◆ Goal of the exercise ◆
Exact reproduction is required for the lines below starting at the line with "kitchen with light" and ending at the line with "Decorated hallway with", both included. No other lines, and no pictures.

◆ Material supplied ◆
⁂
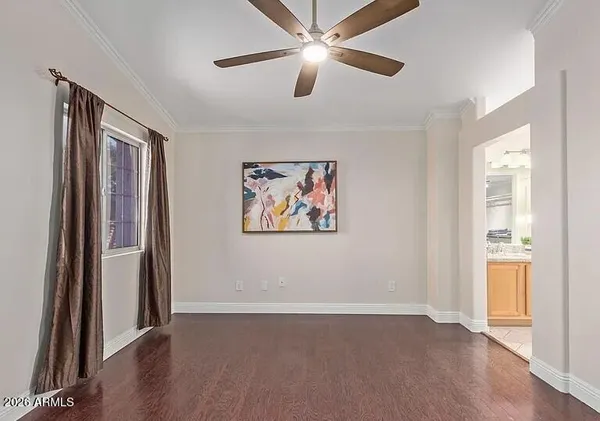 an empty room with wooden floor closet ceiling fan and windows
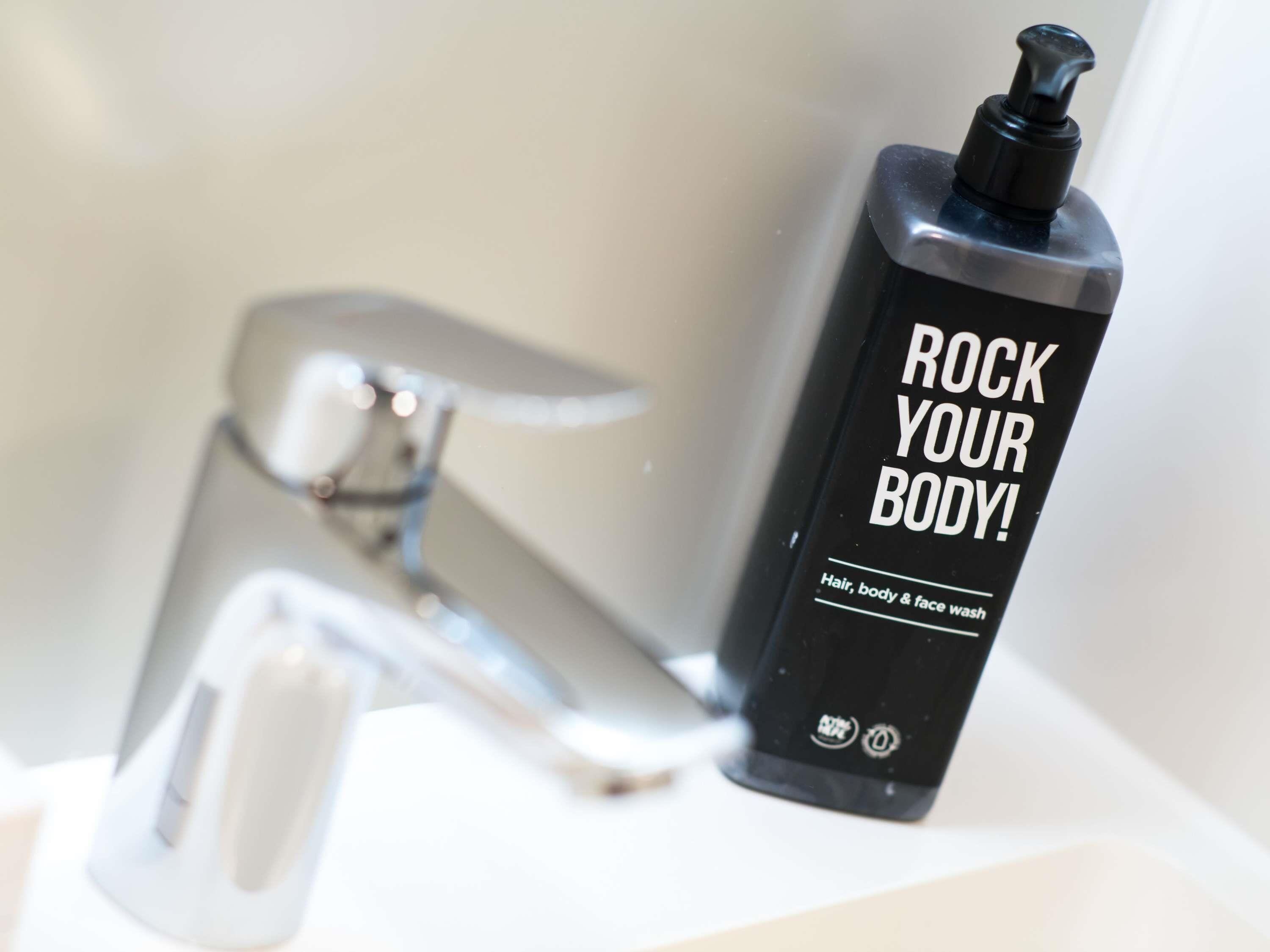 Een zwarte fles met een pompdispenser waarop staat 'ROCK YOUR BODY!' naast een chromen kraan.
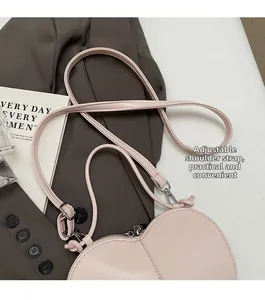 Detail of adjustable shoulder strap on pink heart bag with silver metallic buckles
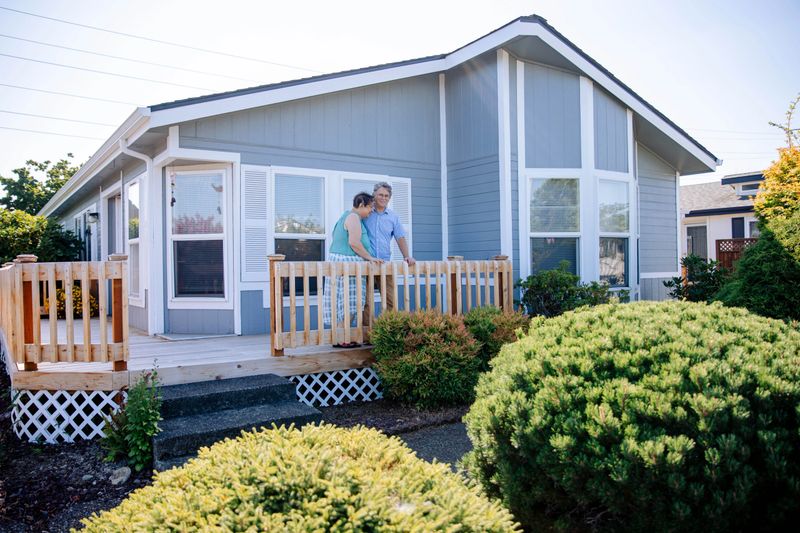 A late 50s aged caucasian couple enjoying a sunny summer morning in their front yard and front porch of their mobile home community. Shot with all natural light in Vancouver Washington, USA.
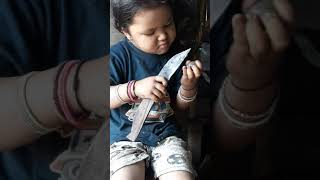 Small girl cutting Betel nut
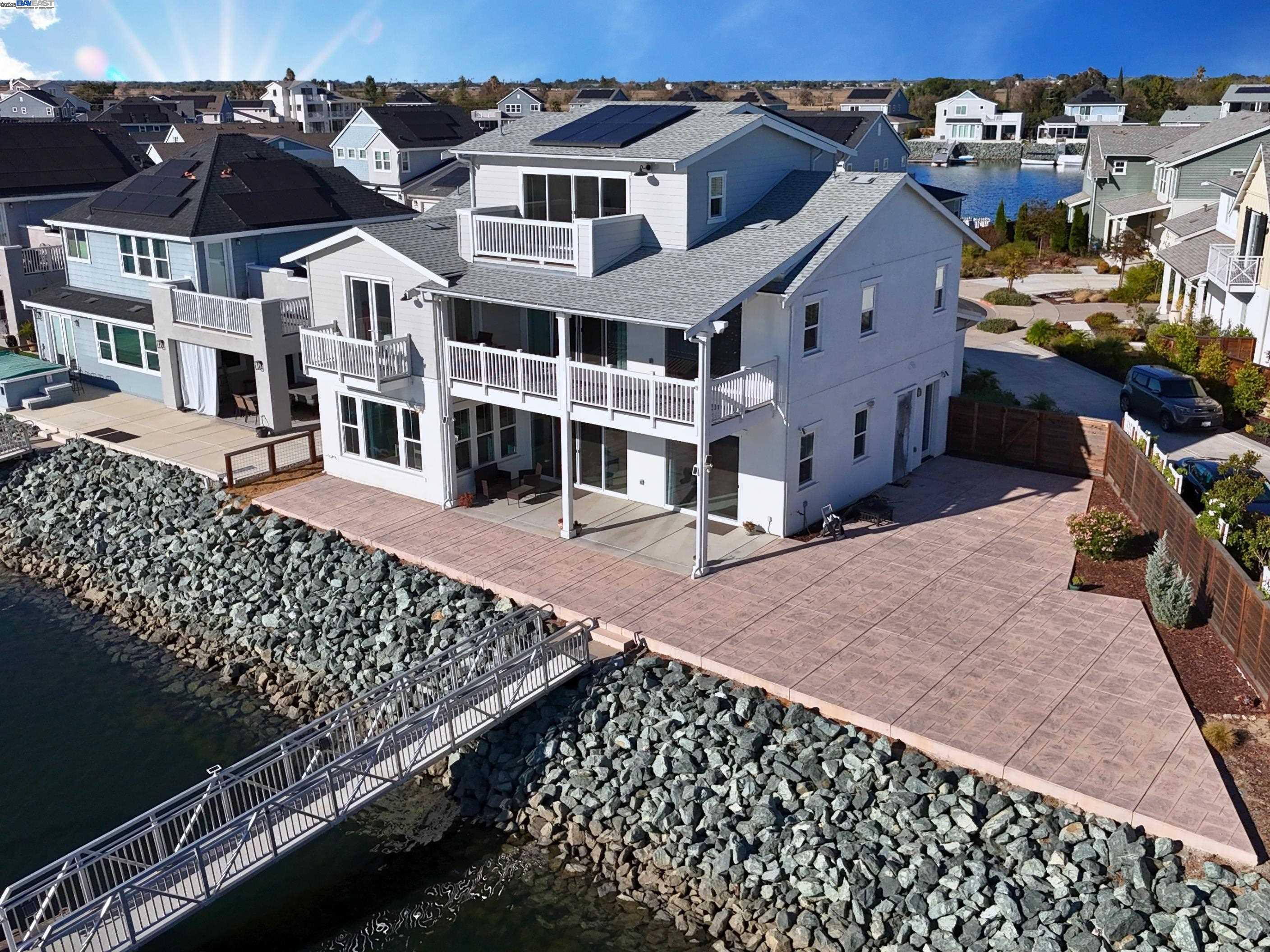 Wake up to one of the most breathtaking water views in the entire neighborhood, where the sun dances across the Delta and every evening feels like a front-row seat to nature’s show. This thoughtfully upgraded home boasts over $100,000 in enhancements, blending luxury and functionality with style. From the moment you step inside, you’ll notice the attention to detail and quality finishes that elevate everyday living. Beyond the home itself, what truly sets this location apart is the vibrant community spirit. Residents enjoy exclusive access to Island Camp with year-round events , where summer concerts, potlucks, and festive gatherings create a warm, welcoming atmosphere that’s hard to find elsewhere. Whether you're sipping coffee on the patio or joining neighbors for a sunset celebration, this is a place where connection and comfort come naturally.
⁂
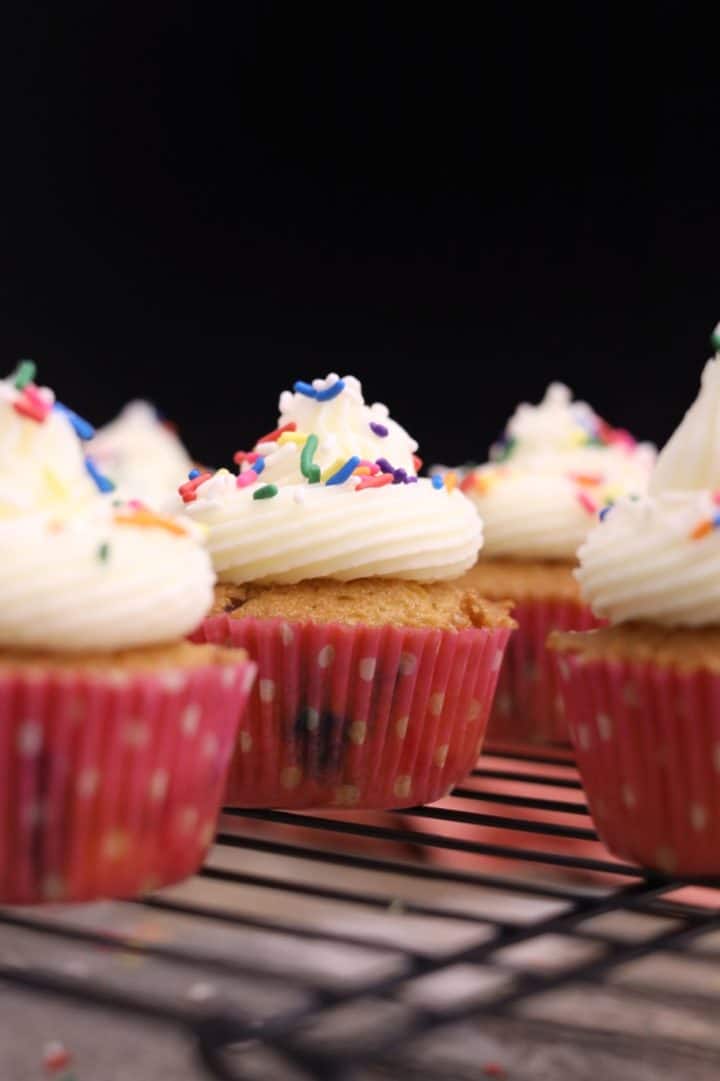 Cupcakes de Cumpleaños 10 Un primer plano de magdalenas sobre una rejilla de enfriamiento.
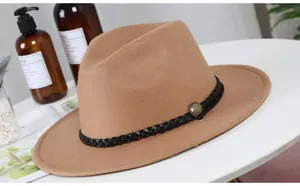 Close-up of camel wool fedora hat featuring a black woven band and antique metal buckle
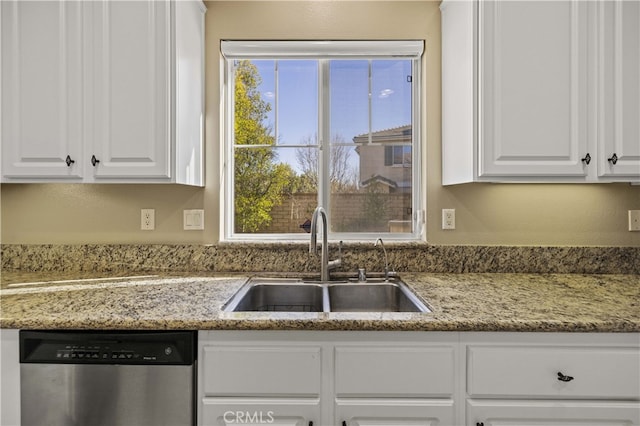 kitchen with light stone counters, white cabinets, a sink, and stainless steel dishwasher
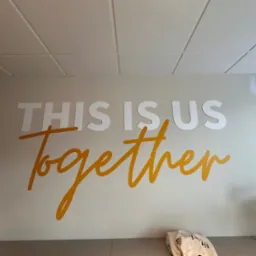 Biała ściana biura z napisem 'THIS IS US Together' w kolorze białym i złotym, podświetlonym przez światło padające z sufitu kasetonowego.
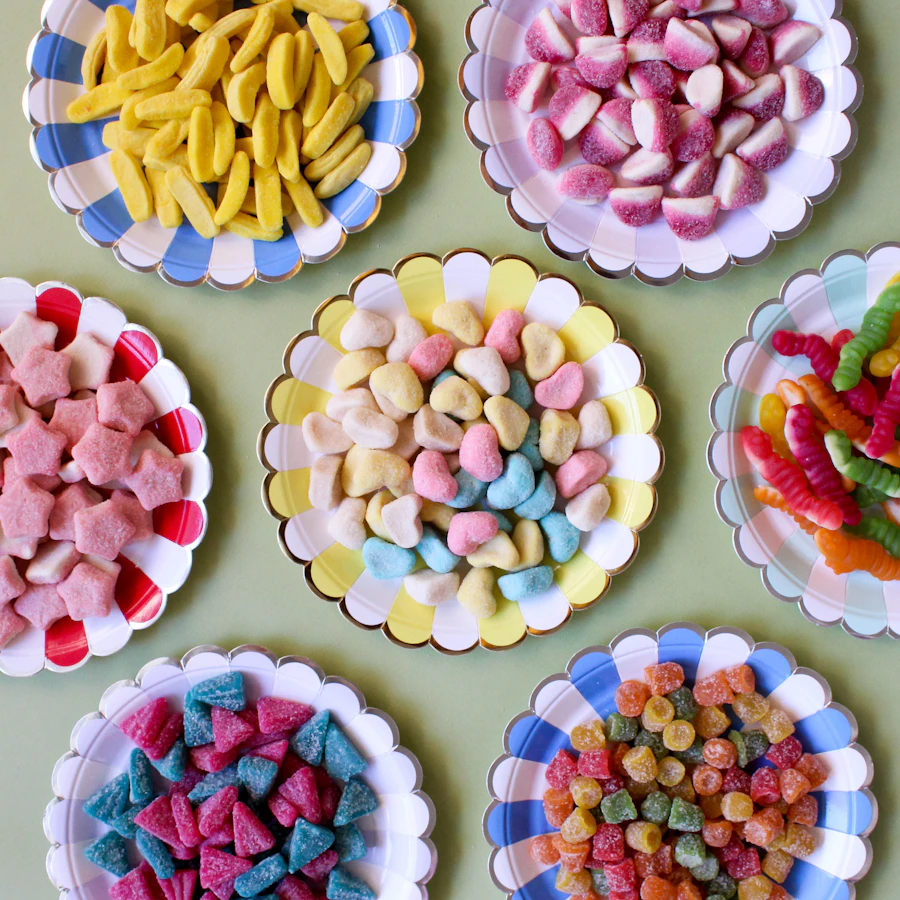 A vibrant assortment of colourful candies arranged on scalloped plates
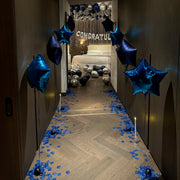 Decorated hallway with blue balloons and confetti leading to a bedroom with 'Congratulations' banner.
⁂
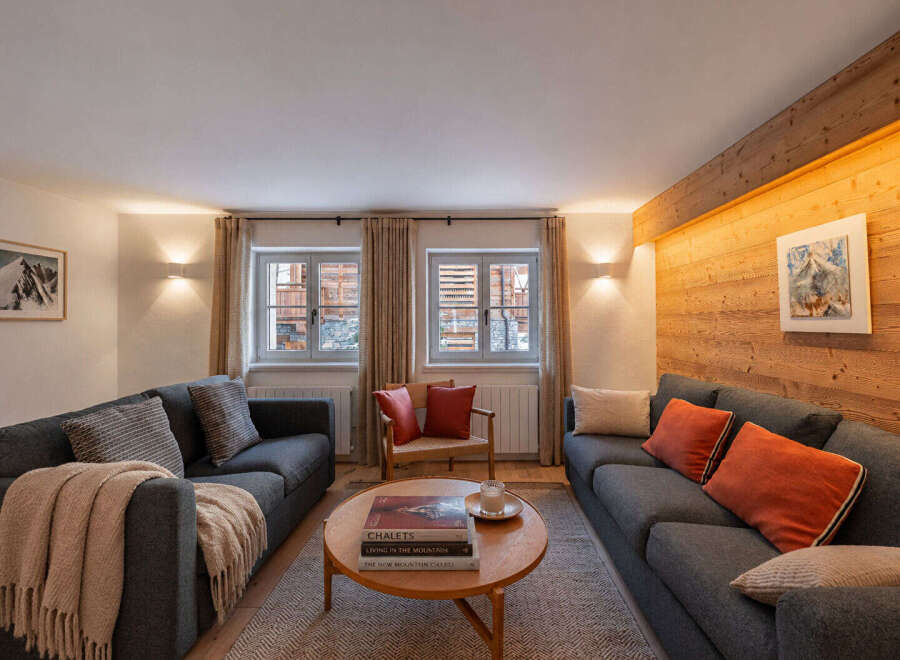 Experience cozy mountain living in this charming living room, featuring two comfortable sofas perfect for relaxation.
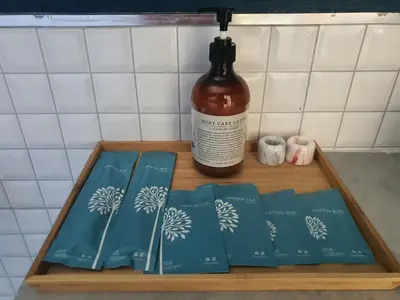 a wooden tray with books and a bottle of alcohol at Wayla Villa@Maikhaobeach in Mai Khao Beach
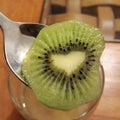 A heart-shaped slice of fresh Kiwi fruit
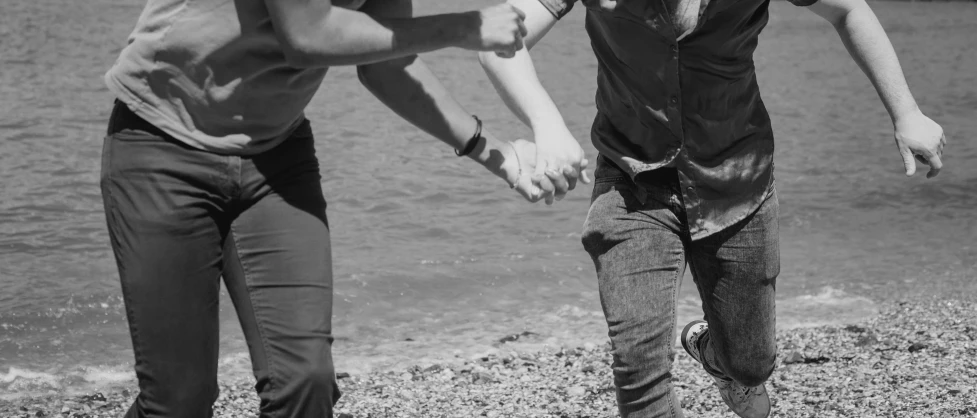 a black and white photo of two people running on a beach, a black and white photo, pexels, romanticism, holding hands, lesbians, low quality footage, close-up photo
⁂
◆ Answer box ◆
 kitchen with light stone counters, white cabinets, a sink, and stainless steel dishwasher
 Biała ściana biura z napisem 'THIS IS US Together' w kolorze białym i złotym, podświetlonym przez światło padające z sufitu kasetonowego.
 A vibrant assortment of colourful candies arranged on scalloped plates
 Decorated hallway with blue balloons and confetti leading to a bedroom with 'Congratulations' banner.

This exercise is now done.